(Records from a data source)

- - - - - - -

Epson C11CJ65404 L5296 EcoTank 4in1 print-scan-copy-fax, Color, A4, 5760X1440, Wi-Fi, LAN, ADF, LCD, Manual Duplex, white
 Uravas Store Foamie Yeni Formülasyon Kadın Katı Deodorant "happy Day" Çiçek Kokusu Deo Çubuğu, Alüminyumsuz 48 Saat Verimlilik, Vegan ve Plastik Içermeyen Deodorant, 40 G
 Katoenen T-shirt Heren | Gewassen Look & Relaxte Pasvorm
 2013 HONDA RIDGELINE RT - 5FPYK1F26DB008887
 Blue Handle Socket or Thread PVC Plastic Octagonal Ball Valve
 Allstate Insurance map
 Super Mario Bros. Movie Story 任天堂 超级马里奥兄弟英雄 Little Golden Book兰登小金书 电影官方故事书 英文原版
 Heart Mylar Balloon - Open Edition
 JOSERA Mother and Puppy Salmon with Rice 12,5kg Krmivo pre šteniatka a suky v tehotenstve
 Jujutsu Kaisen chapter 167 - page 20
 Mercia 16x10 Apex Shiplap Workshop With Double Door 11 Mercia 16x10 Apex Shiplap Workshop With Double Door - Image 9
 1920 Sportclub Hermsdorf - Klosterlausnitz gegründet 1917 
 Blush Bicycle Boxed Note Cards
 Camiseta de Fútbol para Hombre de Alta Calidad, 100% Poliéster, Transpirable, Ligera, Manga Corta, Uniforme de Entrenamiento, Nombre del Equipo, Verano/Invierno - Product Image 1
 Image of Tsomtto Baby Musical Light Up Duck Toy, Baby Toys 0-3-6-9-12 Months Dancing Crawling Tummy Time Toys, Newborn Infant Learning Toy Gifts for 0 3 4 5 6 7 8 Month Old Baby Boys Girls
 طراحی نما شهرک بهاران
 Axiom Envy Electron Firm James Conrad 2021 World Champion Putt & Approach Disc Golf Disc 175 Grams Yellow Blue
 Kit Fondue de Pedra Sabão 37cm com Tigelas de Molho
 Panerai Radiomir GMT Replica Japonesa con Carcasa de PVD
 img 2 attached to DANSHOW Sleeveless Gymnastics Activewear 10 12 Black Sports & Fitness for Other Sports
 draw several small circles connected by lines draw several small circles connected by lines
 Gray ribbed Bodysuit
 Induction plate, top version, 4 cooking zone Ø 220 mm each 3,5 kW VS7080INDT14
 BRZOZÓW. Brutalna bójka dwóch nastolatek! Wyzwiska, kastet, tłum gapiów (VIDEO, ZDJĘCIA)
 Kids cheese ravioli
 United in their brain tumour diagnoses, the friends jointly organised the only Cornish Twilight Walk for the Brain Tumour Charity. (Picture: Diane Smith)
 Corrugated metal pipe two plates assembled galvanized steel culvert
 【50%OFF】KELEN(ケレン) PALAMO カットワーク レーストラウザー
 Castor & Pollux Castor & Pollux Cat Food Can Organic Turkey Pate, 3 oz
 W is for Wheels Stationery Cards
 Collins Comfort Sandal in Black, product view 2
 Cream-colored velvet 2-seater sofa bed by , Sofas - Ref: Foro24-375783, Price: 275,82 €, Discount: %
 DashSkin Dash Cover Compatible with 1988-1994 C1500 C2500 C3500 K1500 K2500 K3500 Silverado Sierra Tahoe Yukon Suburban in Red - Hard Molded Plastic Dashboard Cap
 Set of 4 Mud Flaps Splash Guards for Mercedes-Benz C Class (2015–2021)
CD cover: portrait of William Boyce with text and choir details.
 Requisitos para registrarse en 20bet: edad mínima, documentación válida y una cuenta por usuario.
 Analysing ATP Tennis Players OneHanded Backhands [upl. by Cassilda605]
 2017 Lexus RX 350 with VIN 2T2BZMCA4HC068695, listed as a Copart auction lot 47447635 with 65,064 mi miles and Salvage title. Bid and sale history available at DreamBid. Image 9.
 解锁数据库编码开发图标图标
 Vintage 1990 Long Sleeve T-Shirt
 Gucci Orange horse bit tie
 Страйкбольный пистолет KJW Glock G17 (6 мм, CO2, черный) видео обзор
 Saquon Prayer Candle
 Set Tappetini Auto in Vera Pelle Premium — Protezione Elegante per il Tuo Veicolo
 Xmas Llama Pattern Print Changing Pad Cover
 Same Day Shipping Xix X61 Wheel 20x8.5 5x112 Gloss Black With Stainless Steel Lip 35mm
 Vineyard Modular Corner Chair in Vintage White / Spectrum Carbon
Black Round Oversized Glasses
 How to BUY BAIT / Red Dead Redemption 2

- - - - - - -

Goal of the exercise: From the records above, return each line that includes "Plastic".

Written answer:
 Blue Handle Socket or Thread PVC Plastic Octagonal Ball Valve
 DashSkin Dash Cover Compatible with 1988-1994 C1500 C2500 C3500 K1500 K2500 K3500 Silverado Sierra Tahoe Yukon Suburban in Red - Hard Molded Plastic Dashboard Cap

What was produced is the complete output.